Different points of origin
Today's 100 Gbps Ethernet solutions are becoming deployable in the campus/enterprise environment, with servers moving towards that speed as well. And while campus data centers have moved from 10 Gbps to 25 Gbps servers and are planning to move to 50 Gbps servers with their next-generation topologies, enterprises typically are at a lower end of performance, and migrating from 10 Gbps servers to 25 Gbps. The simple fact is, not everybody has moved to 10 Gbps.
Thus a diversity of applications is driving current standards development. The IEEE and the IEEE Standards Association recently announced two new IEEE 802.3 projects, and modification of the existing 400 GbE project. These projects will deliver standards that support a number of various Ethernet data rates, throughput and distance over a range of physical media in a cost-effective manner.
Task forces have been established and technical decisions are being made in the following areas:
- IEEE P802.3cc 25 Gbps Ethernet over single-mode fiber
- IEEE P802.3cd 50 Gbps, 100 Gbps and 200 Gbps Ethernet
- IEEE P802.3bs 200 Gbps and 400 Gbps Ethernet
Let’s take a brief look at each of these three projects.
The data center market for 25 GbE short reach over copper and multi-mode fiber is robust. The IEEE P802.3cc 25 Gbps effort will complete the 25 GbE family of physical-layer specifications (PHYs), and develop new 10 km and 40 km PHYs over single-mode fiber for 25 GbE, which will meet the needs of campus and metropolitan markets. A standard supporting single-lane signaling at 25 Gbps will help lower costs for this application. Completion of this standard is expected in late 2017.
The IEEE P802.3cd 50 GbE, 100 GbE and 200 GbE Task Force will develop the new 50 Gbps Ethernet rate as well as a set of copper and optical PHYs for 50 GbE, 100 GbE and 200 GbE that will leverage common 50 Gbps optical and electrical signaling technologies. Completion of IEEE P802.3cd Ethernet is due roughly in early 2018.

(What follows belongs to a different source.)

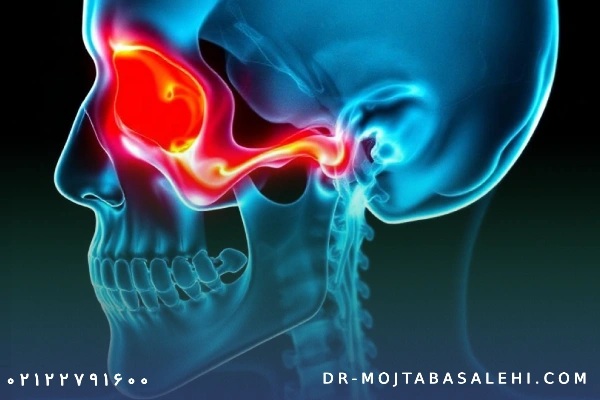 انواع شکستگی فک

The IEEE P802.3bs project utilized 50 Gbps single-lane signaling aggregated across eight lanes to develop a definition for 400GbE. Participants realized that the sharing of common 50 Gbps signaling could be used for 200 GbE SMF PHYs, and agreed that it made sense to include 200 GbE as part of the IEEE P802.3bs 400GbE project. The prior successes of 1x/4x families, which include 10G/40G and 25G/100G, illustrated that the development of 50G signaling would then create the 50G/200G family of solutions – with the 802.3bs project creating the 200G SMF variants that used the 50G optical signaling technology.
Additionally, the task force is developing a 500m solution across four parallel single mode fibers, commonly referred to as PSM4, where each fiber will support a serial 100Gbps optical signal.
John D’Ambrosia is known in the industry for his efforts as Ethernet’s advocate. He is a Senior Principal Engineer at Huawei, participating in industry standards efforts driving Ethernet’s ongoing evolution and its move to higher speeds. He chairs several IEEE 802.3 standards activities, is a member of the IEEE 802 Executive Committee, and is the Chairman of the Ethernet Alliance, an organization dedicated to the promotion of all Ethernet technologies.